Stored items from a collection

====================

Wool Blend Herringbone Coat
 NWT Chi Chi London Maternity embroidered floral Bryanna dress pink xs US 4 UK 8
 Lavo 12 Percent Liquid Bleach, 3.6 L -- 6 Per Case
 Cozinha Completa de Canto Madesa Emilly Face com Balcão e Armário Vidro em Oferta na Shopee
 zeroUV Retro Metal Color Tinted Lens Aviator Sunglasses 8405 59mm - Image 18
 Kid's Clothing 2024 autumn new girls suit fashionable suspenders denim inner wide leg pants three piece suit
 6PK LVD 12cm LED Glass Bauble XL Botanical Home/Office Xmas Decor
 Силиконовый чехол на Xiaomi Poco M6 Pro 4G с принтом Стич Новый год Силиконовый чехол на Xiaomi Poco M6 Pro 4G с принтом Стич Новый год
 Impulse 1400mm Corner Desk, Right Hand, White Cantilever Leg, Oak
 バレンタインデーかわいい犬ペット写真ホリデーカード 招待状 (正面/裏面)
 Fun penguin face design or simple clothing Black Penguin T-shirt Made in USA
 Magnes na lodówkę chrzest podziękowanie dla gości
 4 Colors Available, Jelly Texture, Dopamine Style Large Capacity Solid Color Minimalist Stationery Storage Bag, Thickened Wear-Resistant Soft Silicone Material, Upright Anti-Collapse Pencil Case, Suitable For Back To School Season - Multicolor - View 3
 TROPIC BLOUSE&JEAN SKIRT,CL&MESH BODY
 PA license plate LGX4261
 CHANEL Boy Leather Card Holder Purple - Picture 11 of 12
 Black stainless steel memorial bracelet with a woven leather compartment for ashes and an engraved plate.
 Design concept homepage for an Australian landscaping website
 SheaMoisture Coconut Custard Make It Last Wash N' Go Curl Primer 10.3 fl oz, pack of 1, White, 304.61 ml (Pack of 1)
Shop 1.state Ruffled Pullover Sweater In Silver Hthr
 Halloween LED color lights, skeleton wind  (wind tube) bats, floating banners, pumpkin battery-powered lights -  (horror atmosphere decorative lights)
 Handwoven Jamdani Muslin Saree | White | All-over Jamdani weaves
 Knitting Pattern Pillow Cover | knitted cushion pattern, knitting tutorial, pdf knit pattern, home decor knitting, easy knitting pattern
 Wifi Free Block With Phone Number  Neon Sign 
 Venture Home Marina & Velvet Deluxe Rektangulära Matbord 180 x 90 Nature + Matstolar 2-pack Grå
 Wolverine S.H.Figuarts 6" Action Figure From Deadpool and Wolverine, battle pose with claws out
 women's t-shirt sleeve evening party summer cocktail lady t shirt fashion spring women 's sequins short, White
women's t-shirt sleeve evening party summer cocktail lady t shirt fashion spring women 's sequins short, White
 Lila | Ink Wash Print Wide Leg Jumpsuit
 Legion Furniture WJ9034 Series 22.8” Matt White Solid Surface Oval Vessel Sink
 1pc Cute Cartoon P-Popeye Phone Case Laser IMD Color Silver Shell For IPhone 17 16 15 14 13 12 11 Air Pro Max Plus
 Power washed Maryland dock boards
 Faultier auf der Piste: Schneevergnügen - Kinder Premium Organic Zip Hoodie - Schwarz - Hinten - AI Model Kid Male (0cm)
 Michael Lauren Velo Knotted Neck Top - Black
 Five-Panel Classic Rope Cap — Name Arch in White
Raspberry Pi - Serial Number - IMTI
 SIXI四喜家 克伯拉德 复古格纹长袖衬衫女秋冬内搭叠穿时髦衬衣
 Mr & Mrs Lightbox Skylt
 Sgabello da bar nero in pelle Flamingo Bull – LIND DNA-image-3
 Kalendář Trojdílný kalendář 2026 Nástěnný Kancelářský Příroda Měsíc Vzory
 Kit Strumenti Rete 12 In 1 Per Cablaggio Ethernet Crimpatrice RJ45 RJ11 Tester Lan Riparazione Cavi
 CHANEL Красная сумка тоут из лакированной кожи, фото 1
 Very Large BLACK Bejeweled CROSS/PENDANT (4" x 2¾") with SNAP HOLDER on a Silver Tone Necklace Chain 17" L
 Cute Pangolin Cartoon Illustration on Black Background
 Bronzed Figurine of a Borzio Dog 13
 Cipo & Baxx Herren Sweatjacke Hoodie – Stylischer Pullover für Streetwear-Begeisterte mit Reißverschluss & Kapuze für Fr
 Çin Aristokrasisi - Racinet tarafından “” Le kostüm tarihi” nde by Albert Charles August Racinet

====================

Each line of the data above containing the string "shirt" is to be copied.

 Fun penguin face design or simple clothing Black Penguin T-shirt Made in USA
 women's t-shirt sleeve evening party summer cocktail lady t shirt fashion spring women 's sequins short, White
women's t-shirt sleeve evening party summer cocktail lady t shirt fashion spring women 's sequins short, White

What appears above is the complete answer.